Sekarang pun sama, bahkan apabila jam berdenting tanpa arah. Semuanya akan tetap sama. Cukup sampai kapan? Seakan aku telah menggenggam jawaban tapi… aku tak mengenal lagi dirinya yang sama. Tubuh ini semakin lelah disaat ia tetirah. Tak ada yang mengharapkanmu berkeluh kesah hanya saja, aku pun manusia biasa yang terkadang jatuh dan menyerah. Bertahan menjadi kata terakhir dan satu – satunya. Namun ku rasa cukup, ku rasa hilang, ku rasa semu.
Satu pagi, di waktu dedaunan mengembun… deru angin membelai lebih lembut dari biasa. Ia bertanya, sudahkah kau mengenalnya. Aku menjawab aku tidak bisa menerka. Aku tidak ingin menerka. Aku takut menerka. Sesuatu sedang terjadi di relung ini. Ia berbisik bahwa kau akan mati. Dan dia tidak akan pernah mengenal hatimu. Tapi bahkan bukan kematian yang aku takutkan. Aku takut kehilangan kesabaran untuk menunggu.
Mungkin waktunya akan tiba kelak. Kami tersenyum dalam dekapan hati yang risau. Jika memang semua ada jalannya biarlah ia berjalan dalam alurnya.
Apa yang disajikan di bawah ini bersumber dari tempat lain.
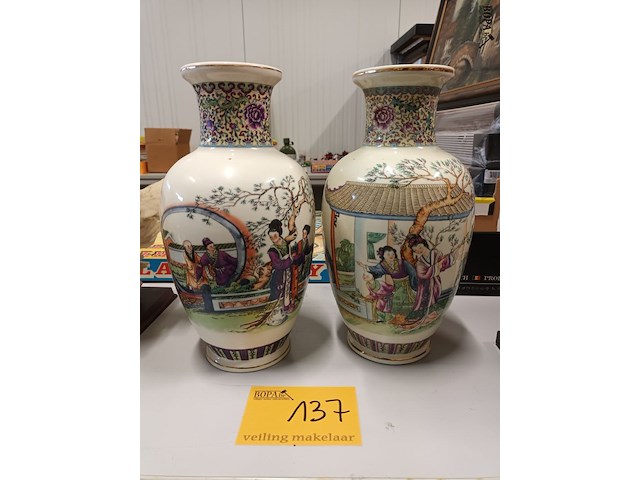 Lot 137 - oosterse vazen. 2 stuks - afbeelding 1 van  8
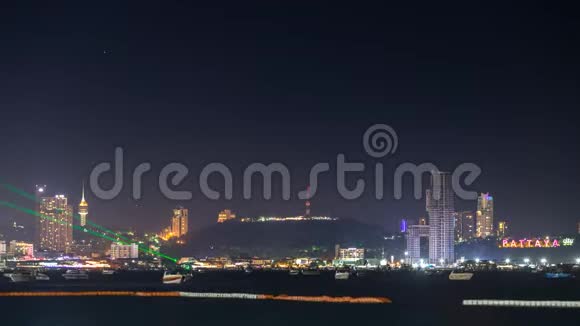 在泰国曼谷附近的新年晚会前芭堤雅在芭堤雅海滩附近举行激光表演并在夜间举行芭堤雅标志视频的预览图
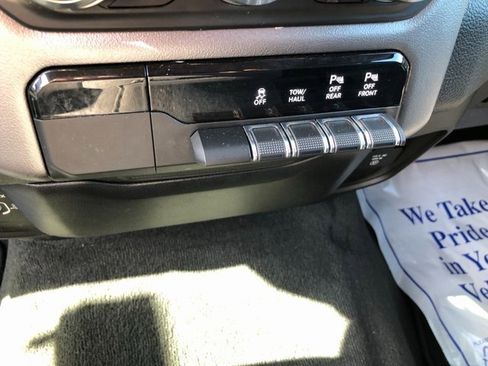 Used 2020 RAM 1500 Big Horn image 27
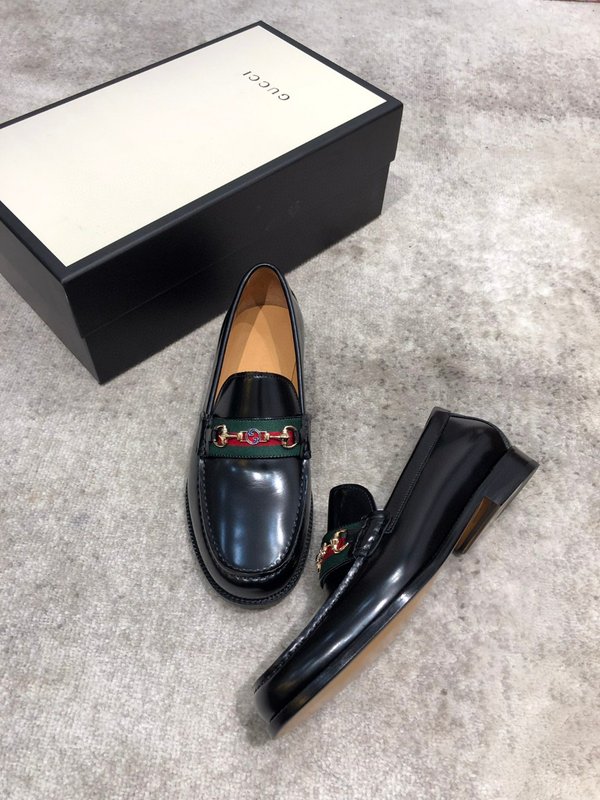 Gucci 신규 소가죽 로퍼 슈즈 001-228046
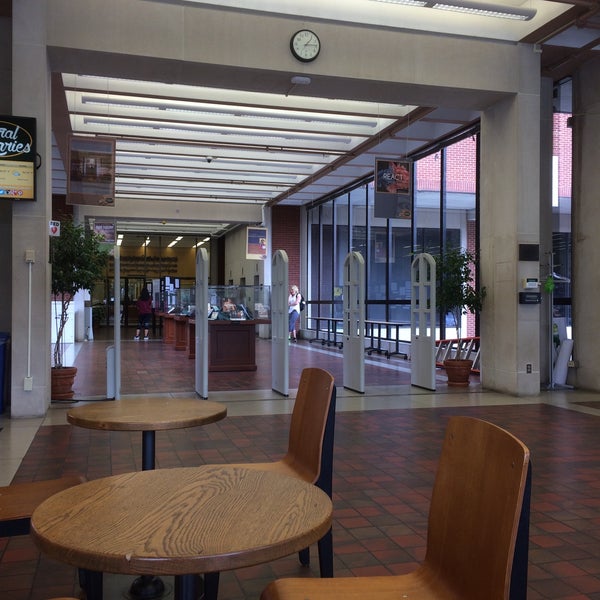 Moody Memorial Library College Library in Baylor University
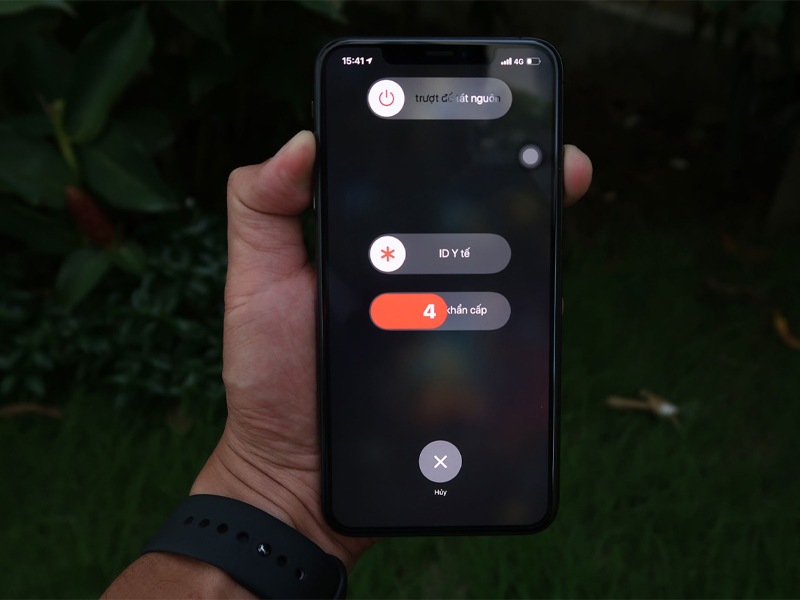 Khởi động lại iPhone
Cinta selalu menjadi rindu yang kunjung datang. Sekalipun ia menyakitkan dan mengabaikan. Aku harus tersadar… bila semua harapan tak terungkapkan memang hilang.
Kemudian, biarkanlah aku di sini. Sampaikan padanya “Berbahagialah… lebih dari itu tersenyumlah”. Bersemangatlah seperti dahulu. Tertawalah bersama mentari dan iringan canda sahabatmu. Merasakan kegelisahan hatimu menyayat nurani ini lebih dalam. Tak perlu engkau meminta.
Aku akan menghela… tersenyum… dan menghilang.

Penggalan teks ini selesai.